== Segment start ==

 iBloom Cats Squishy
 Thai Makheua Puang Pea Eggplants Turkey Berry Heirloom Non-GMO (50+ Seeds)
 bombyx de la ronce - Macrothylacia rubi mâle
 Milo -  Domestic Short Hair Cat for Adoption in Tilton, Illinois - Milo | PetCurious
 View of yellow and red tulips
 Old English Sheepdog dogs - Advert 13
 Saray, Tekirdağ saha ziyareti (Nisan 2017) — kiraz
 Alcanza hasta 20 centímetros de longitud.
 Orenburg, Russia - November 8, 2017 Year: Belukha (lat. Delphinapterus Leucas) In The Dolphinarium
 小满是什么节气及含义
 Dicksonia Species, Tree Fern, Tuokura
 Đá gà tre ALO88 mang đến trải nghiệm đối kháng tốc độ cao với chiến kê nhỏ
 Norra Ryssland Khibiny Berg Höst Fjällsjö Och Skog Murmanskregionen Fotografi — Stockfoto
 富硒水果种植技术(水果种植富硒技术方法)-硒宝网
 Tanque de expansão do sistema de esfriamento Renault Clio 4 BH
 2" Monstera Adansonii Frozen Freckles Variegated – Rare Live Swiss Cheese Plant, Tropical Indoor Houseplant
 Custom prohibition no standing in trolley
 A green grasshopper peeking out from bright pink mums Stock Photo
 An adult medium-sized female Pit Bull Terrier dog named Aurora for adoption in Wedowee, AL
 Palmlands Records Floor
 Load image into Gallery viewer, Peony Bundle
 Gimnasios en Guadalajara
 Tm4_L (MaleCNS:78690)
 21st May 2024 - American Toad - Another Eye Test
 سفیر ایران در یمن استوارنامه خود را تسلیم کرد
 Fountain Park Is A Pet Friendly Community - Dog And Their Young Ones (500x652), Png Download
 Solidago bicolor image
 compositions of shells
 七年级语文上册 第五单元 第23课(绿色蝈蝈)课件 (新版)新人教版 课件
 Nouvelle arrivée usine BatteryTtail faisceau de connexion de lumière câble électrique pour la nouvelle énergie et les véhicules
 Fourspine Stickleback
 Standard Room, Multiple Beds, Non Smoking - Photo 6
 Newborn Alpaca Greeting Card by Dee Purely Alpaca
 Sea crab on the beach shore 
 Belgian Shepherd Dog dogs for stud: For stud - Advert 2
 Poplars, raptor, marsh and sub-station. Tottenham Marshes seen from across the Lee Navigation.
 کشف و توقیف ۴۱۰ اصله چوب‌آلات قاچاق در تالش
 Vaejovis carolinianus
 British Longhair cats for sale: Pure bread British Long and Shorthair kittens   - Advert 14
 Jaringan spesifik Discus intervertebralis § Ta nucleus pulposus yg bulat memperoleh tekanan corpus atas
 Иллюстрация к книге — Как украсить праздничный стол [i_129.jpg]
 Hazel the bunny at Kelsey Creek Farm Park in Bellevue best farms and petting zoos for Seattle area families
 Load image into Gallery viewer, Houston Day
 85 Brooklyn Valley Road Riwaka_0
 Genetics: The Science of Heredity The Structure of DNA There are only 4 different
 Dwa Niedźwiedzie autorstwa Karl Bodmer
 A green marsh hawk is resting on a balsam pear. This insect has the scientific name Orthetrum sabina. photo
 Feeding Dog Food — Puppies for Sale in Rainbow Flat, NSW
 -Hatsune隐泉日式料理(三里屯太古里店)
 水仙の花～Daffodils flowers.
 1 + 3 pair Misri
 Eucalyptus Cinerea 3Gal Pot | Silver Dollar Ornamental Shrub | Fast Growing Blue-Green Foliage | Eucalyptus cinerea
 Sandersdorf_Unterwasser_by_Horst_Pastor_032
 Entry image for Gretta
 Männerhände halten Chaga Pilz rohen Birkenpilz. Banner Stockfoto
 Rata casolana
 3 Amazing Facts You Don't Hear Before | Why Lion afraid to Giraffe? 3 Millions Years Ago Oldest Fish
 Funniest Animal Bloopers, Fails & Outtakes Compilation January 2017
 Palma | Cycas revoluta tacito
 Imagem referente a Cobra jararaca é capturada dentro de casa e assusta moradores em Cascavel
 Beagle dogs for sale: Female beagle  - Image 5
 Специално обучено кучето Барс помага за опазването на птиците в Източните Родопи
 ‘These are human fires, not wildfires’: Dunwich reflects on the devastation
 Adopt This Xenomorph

== Segment end ==

## Aim of the task
Take the stretch of lines above from the one containing "کشف و توقیف ۴۱۰ اصله چوب‌آلات قاچاق در تالش" through the one containing "85 Brooklyn Valley Road Riwaka_0" and repeat it exactly, adding no other line.

## Result
 کشف و توقیف ۴۱۰ اصله چوب‌آلات قاچاق در تالش
 Vaejovis carolinianus
 British Longhair cats for sale: Pure bread British Long and Shorthair kittens   - Advert 14
 Jaringan spesifik Discus intervertebralis § Ta nucleus pulposus yg bulat memperoleh tekanan corpus atas
 Иллюстрация к книге — Как украсить праздничный стол [i_129.jpg]
 Hazel the bunny at Kelsey Creek Farm Park in Bellevue best farms and petting zoos for Seattle area families
 Load image into Gallery viewer, Houston Day
 85 Brooklyn Valley Road Riwaka_0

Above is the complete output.